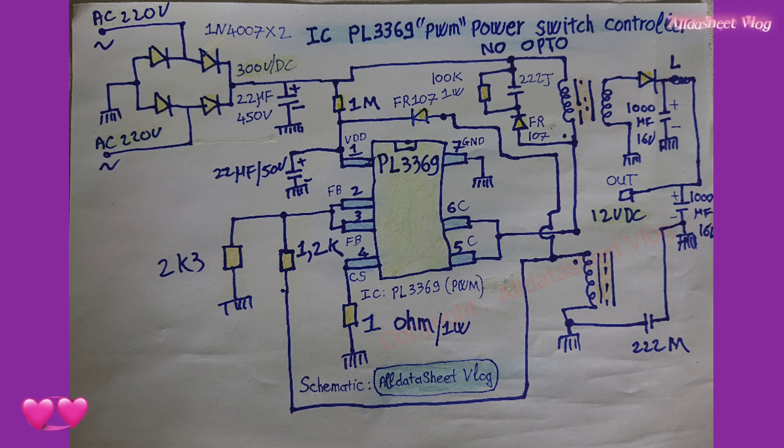PL-3369 built-in leading edge blanking, cycle-by-cycle current limit, VDD under-voltage, VDD over-voltage protection, output over-voltage protection, and output short-circuit protection.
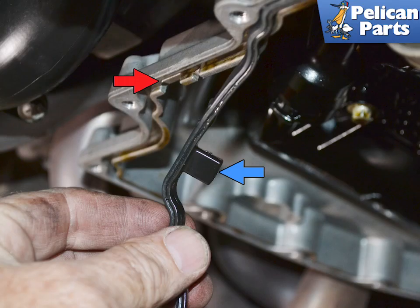Remove the old gasket from the engine side and clean both mounting surfaces well. There is a small cutout inside the engine side at the rear where you will place the tab on the gasket when installing.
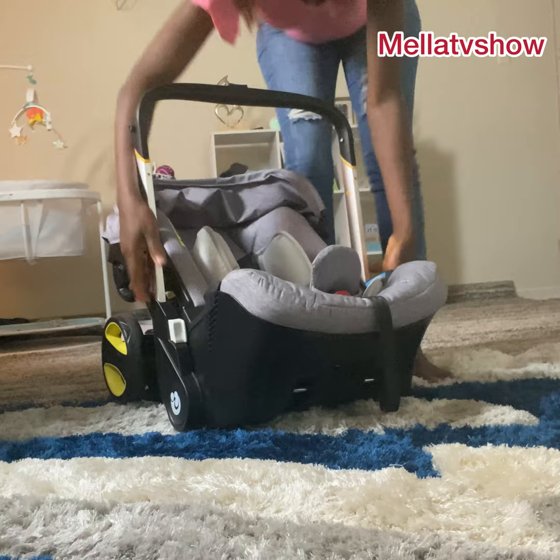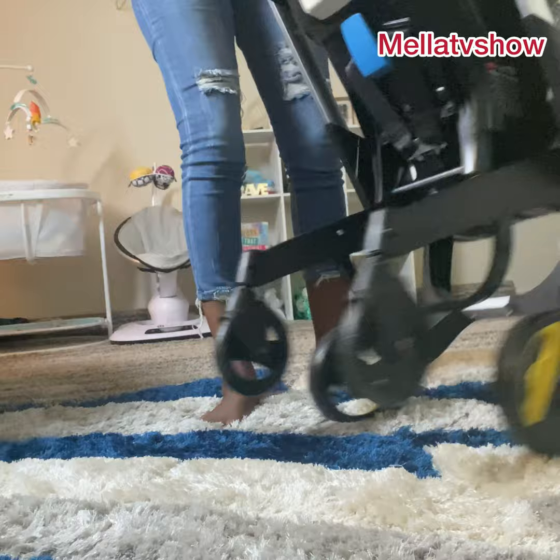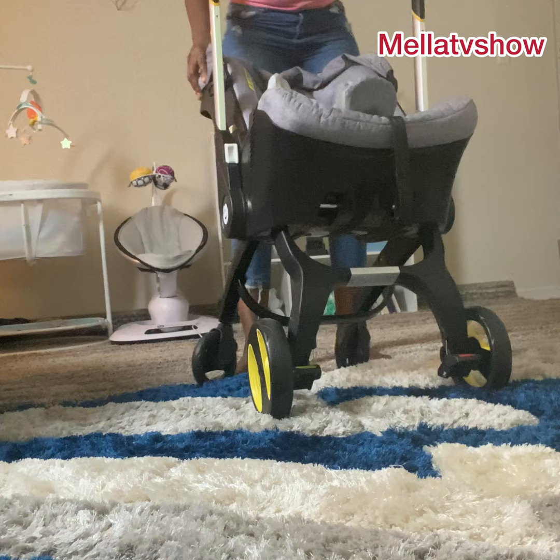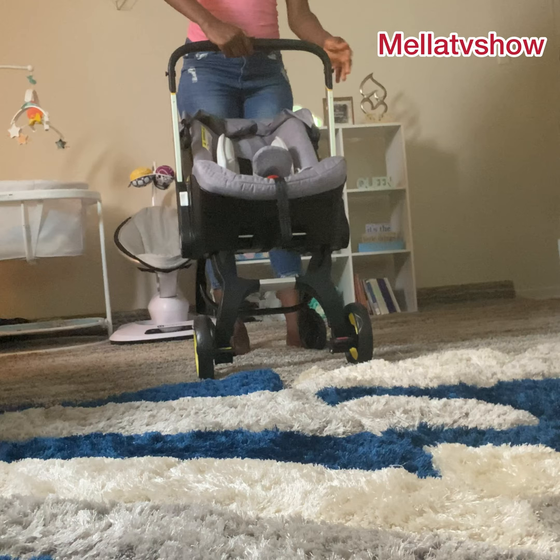The essence of today's video is to show how to fold and unfold this from a car seat to a stroller and back again to a car seat. You turn to the back, click the red button, pull it up, and then just slide down — and it's going to stand. You've converted it into a stroller. Pull up the handle into whatever position you want — you can pull it to the middle or right to the front if you want it to be like the stroller.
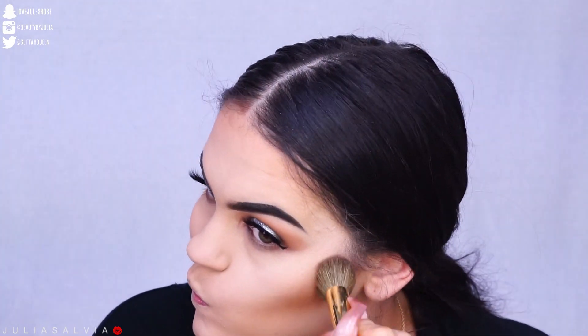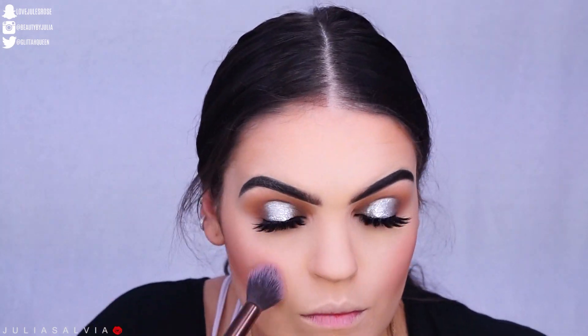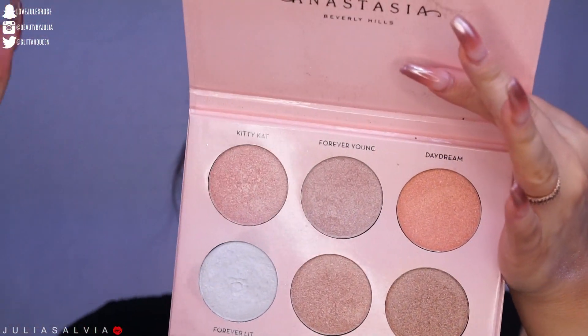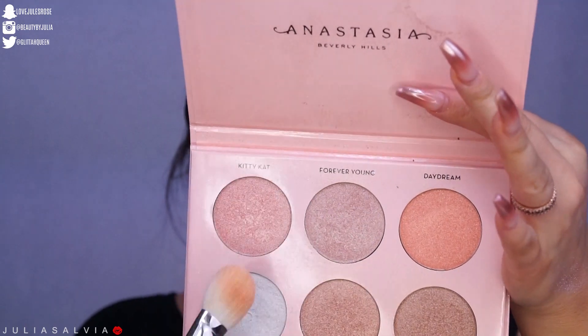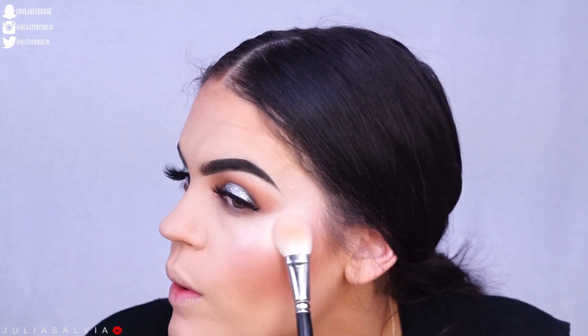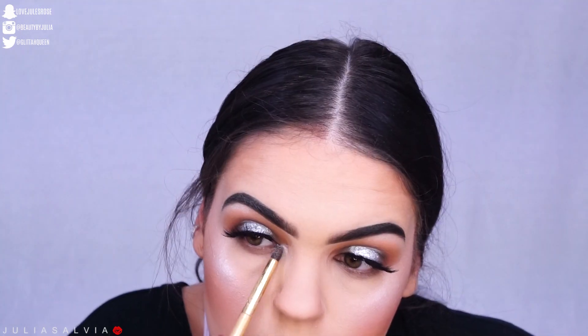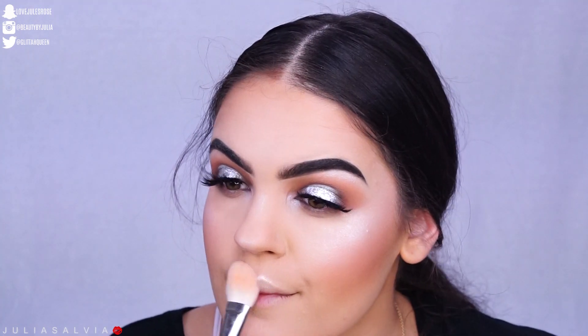I bronzed up with Note Cosmetics bronzer Terracotta Powder, then I used a Tarte blush on my cheeks. I'm using these three colors from the Anastasia Nicole Guerrero palette and we're going to town on the highlight — no shame, highlight all over this face. I added a little bit of that highlight to the inner corners and also the brow bone.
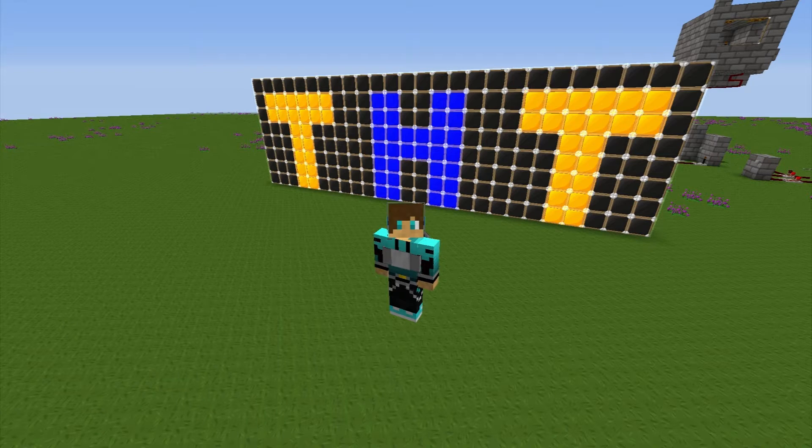Hello and welcome to another tutorial by TechItHowTo. Today I'm going to show you an assembly line for solar panels. This system doesn't spew out all its items all over the floor when the automatic crafting tables fill up. I hope you can use this, so let's get into it.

[EXERCISE REQUIREMENTS]
Stop at the line containing "I bronzed up" and include it. Everything from the first line of the material up to there is to be repeated exactly, leaving out pictures.

[WRITTEN RESPONSE]
PL-3369 built-in leading edge blanking, cycle-by-cycle current limit, VDD under-voltage, VDD over-voltage protection, output over-voltage protection, and output short-circuit protection.
Remove the old gasket from the engine side and clean both mounting surfaces well. There is a small cutout inside the engine side at the rear where you will place the tab on the gasket when installing.
The essence of today's video is to show how to fold and unfold this from a car seat to a stroller and back again to a car seat. You turn to the back, click the red button, pull it up, and then just slide down — and it's going to stand. You've converted it into a stroller. Pull up the handle into whatever position you want — you can pull it to the middle or right to the front if you want it to be like the stroller.
I bronzed up with Note Cosmetics bronzer Terracotta Powder, then I used a Tarte blush on my cheeks. I'm using these three colors from the Anastasia Nicole Guerrero palette and we're going to town on the highlight — no shame, highlight all over this face. I added a little bit of that highlight to the inner corners and also the brow bone.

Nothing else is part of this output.